А судьба продолжала наносить удары… Как-то утром Николай Михайлович вышел во двор, как обычно, не оглядываясь по сторонам, поплелся к сортиру. Но все же заметил, почувствовал – что-то не то, не так. Обернулся на машину. Капот приоткрыт, на лобовом стекле чего-то не хватает.
Подошел, поднял капот. Да, аккумулятора (старый аккумулятор, дохлый уже) нет, и дворники сняты. В багажнике пусто – ни запаски, ни домкрата, ни сумки с ключами… Задвижка калитки отодвинута.
– Скотьё-о, – сказал Елтышев тихо, без злобы даже; он ожидал этого – раз нашли дорожку сюда, теперь не остановятся.
На голодный желудок выпил граммов сто пятьдесят спирта, стал перебирать вещи в шкафу, в чемоданах.
– Что ты ищешь? – понаблюдав за ним, с плохо скрываемой досадой (смотрела телевизор, а он мельтешил) спросила жена.
– Да так, надо…
Нашел.

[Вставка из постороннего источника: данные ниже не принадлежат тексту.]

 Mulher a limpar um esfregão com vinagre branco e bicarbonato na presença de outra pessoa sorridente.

В одном из чемоданов лежала его парадная форма. Сохранил после увольнения, и вот пригодилась. Взял, унес на кухню. Долго оглядывал, разглаживал пальцами морщины на ткани. Просить жену отутюжить было неудобно, да и не хотелось давать повод лишним расспросам.
Оделся, оглядел себя в зеркале… Черт, еще фуражку бы. Но фуражку выбросил при переезде – «все равно изомнется»… Ладно, и без фуражки внушительно. Поскреб бритвой лицо, протер выходные туфли влажной вехоткой… Не совсем, правда, по цвету к форме подходят…

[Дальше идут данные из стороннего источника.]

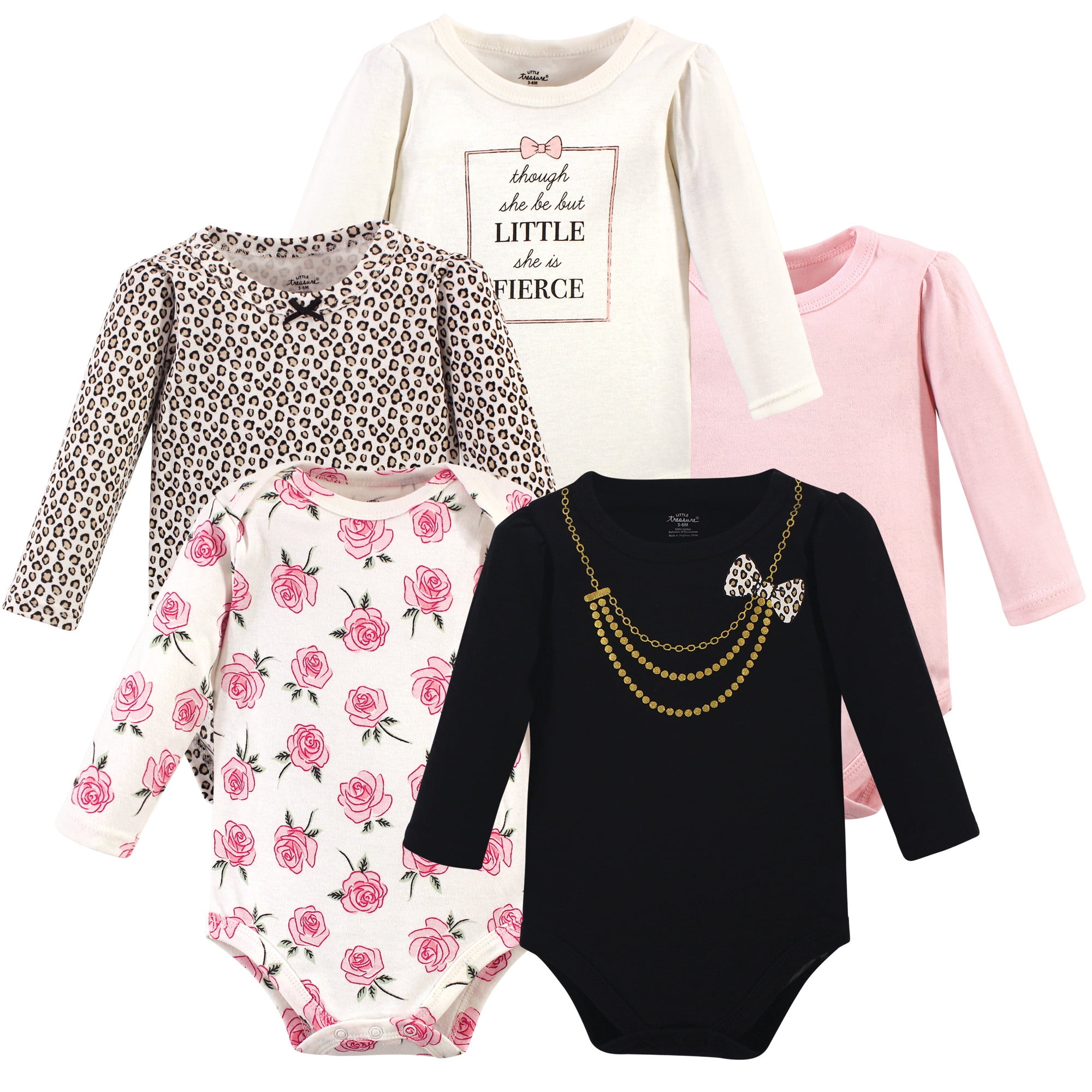 Little Treasures Little Treasure Baby Girl Long Sleeve Bodysuits, 5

– Я скоро вернусь, – сказал из кухни жене.
– А куда ты?
– По делам тут надо…
Шагнул к буфету. Быстро наполнил стопку, бросил в рот горячий комок спирта. Бормотнул:
– Ну, ладно.
Обошел всю деревню, и каждому, кого встречал, преграждал путь:
– Шутить со мной вздумали? Сына похоронил, так теперь решили, что можно, а? Я вас всех, скоты поганые! Всех-х! Вот Денис вернется, он тут наведет порядок, по стенке ползать будете! Ясно, нет? – И если человек молчал, уже ревел и приподнимал кулаки: – Яс-сно?!
Кто-то бурчал: «Да-да», кто-то просто уворачивался от Елтышева и отбегал. Но вступать в перебранку никто не решался. Видели, в каком он состоянии. И уже на обратном пути, когда Николай Михайлович слегка успокоился и ему хотелось снять форму, выпить еще и лечь спать, его окликнули:
– Эй, дядя, чего развоевался?
– Что?
Из-за забора выглядывал тот парень, что в день первой кражи продал Елтышеву бензин. То ли Гоша, то ли Глеб… Его, кстати, Николай Михайлович подозревал больше других – этот-то знал, что он уезжает, сам сказал ему…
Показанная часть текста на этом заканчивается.